While hard power will always play an important and necessary role in international relations, it was through flawed economics and undemocratic practices that the Soviet Union collapsed, not a severe inconsistency in military strength. Japan was once considered an obvious candidate for superpower status but prolonged economic woes have left that an all but forgotten piece of trivia.
Among the more modern examples of potential superpowers, we're already seeing the very real possibility -at this point nigh-inevitability- of the EU at least partially dissolving as a result of today's economic turmoil. This is on top of the fact that the EU lacks a unified foreign policy and does not project its strength abroad with any sense of cohesiveness, either in economic or military terms. I think it was, at best, always going to be no more than a powerful trading bloc. In the foreseeable future, even that is out of reach.
It's difficult for me, personally, to picture Brazil truly expanding into the energy superpower that some analysts have predicted it may become, but it can't be denied that the country has shown surprising economic strength and has been taking steps in that direction, developing nuclear power and even purchasing an old Clemenceau-class aircraft carrier from France in 2000.
China, considered for many years now to be the front runner, has very real concerns that its economy will one day collapse into a black hole that will ravage the global marketplace like nothing we've seen before and quite possibly politically destabilise the country and region at large. It also has to worry about being checked on two sides by rivals India and Russia.
India, who I personally have been rooting for all along, has been developing a more information/tech-based economy, as opposed to what's been called China's "happy meal" economy. The basic theory is that as the global marketplace develops, there'll be an increasing demand for the sort of industries and products that India has been making a concerted effort to gain a foothold in, whereas China will flounder because it'll still be providing that more common, lower class of goods. India is also the largest and among the most diverse democracies.

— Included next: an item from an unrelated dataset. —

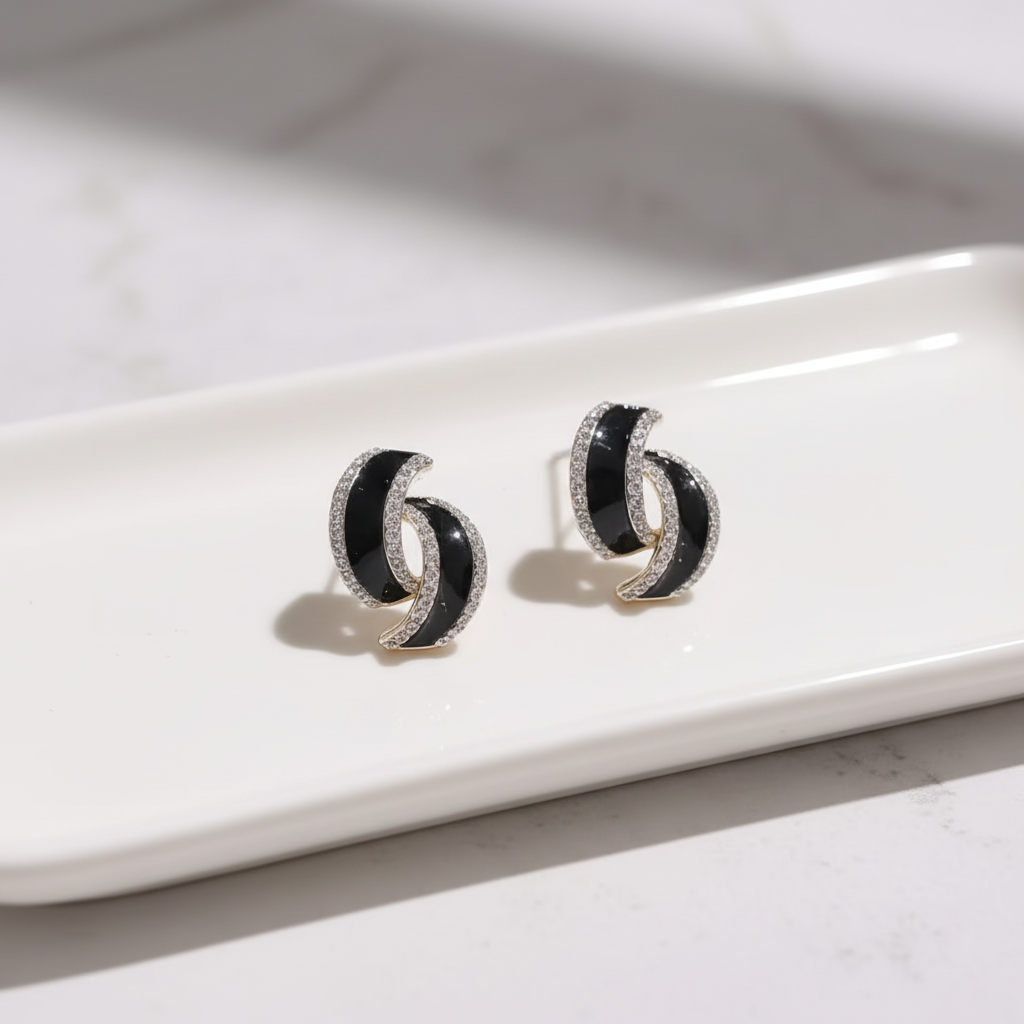 Whirl Stud Jazzy Earrings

Russia, on the other hand, has been making overtures about returning to its original prominence. This, however, would be on the backs of its citizens and probably quite costly to the world at large, seeing as how they would have to primarily lead with their intact military apparatus as opposed to any special character of their economy or their politics. Of all the possible candidates, I would like this scenario the least because I feel it would retard the progress that could be made in the 21st century with regards to the spread of liberal democracy and the reduced role of the world's militaries in projecting strength.
We're just going to have to wait and see. It should be good fun, regardless.